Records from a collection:
□ □ □ □
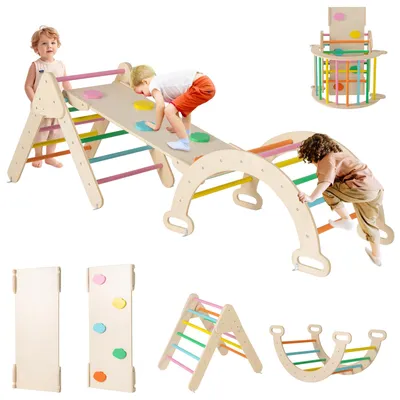 Produktbild von DREAMADE 3-in-1-Kinder-Kletterdreieck-Set, Dreieck-Kletterspielzeug mit Kletterbogen und Rutsche, für Kinder ab 1 Jahr,  bis 50kg belastbar
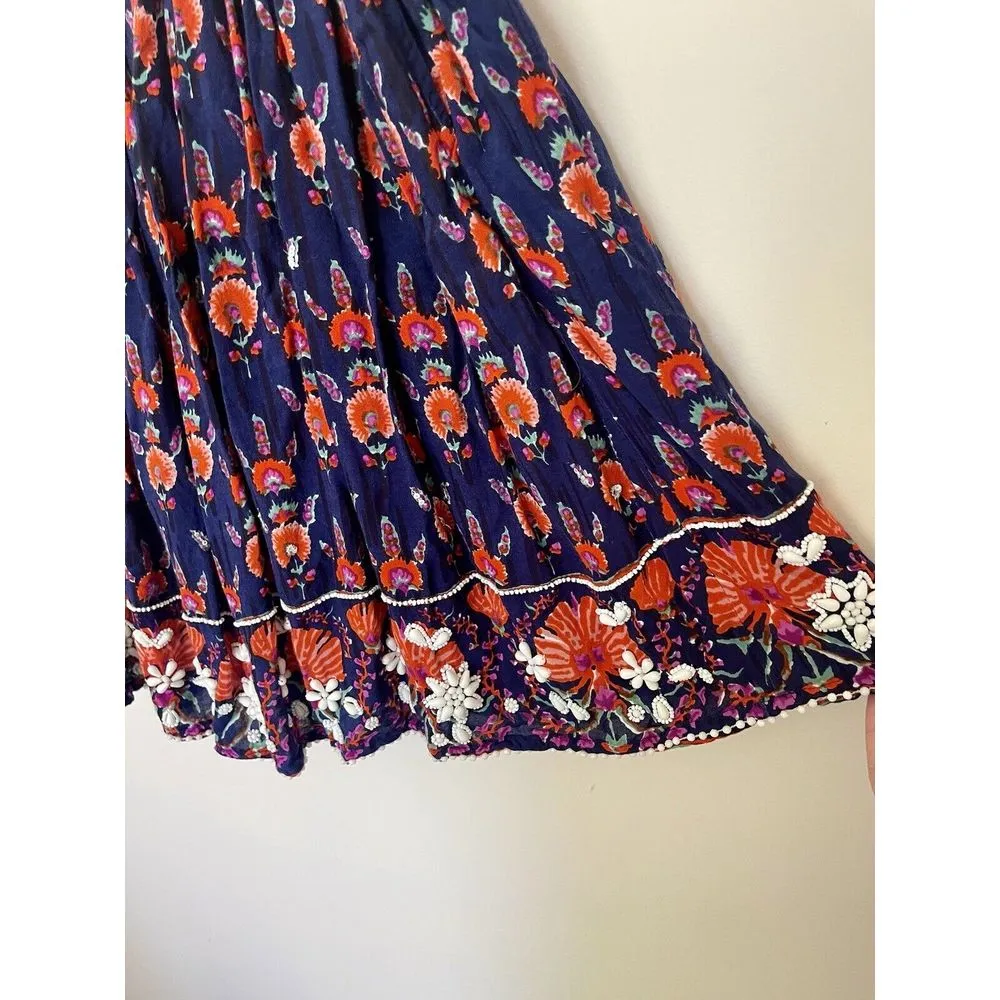 Taaj London Women Skirt Medium Blue Floral Beaded‎ Elastic Waist Boho Peasant - Image 3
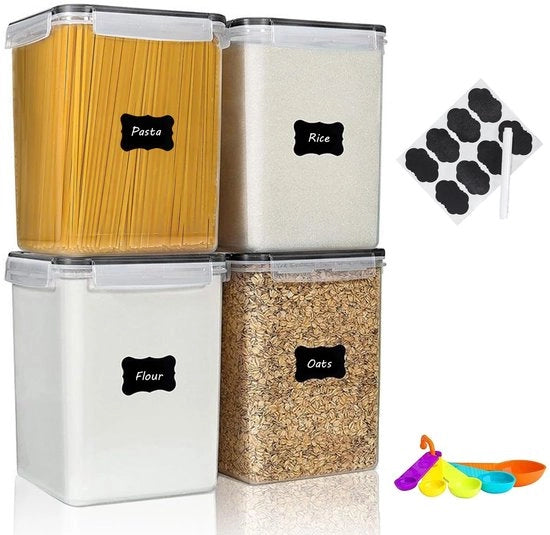 4-pack contenitori alimentari da 5,2 l / 175 oz, pannelli di plastica BPA libera con coperchi per farina, zucchero, utensili da cucina, riso, con coperchi, misurini e etichette, nero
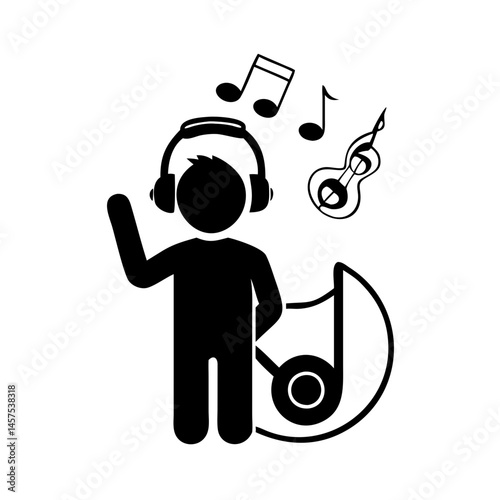 Person listening to music on headphones surrounded by musical notes icons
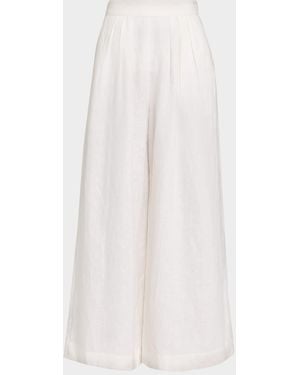 Cara Cara Linen Palazzo Pants - White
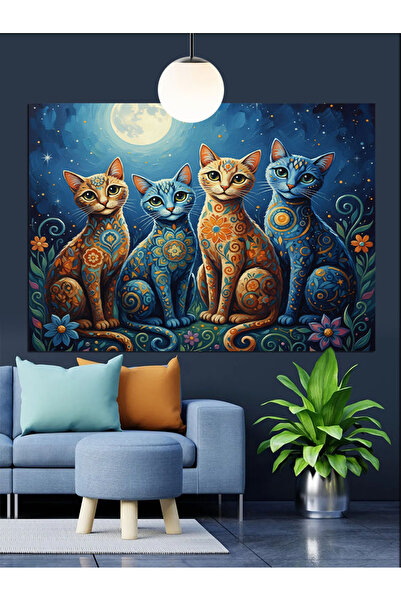 KanvasSepeti Pictură în ulei de înaltă calitate cu pisică de tatuaje texturat...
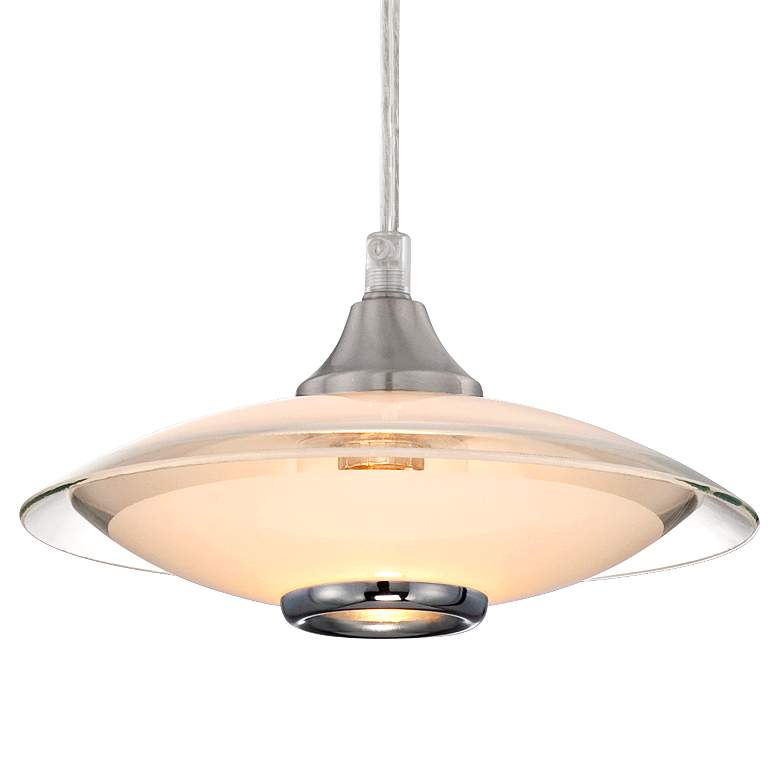 Image 3 Possini Euro Saucer 8 inch Wide Nickel and Glass LED Modern Mini Pendant more views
□ □ □ □
- **Problem description**: What you write must match, line for line, the lines from the one with "Cara Cara Linen Palazzo Pants - White" through the last line of the data above, minus the pictures.

- **Final answer**:
 Cara Cara Linen Palazzo Pants - White
 KanvasSepeti Pictură în ulei de înaltă calitate cu pisică de tatuaje texturat...
 Image 3 Possini Euro Saucer 8 inch Wide Nickel and Glass LED Modern Mini Pendant more views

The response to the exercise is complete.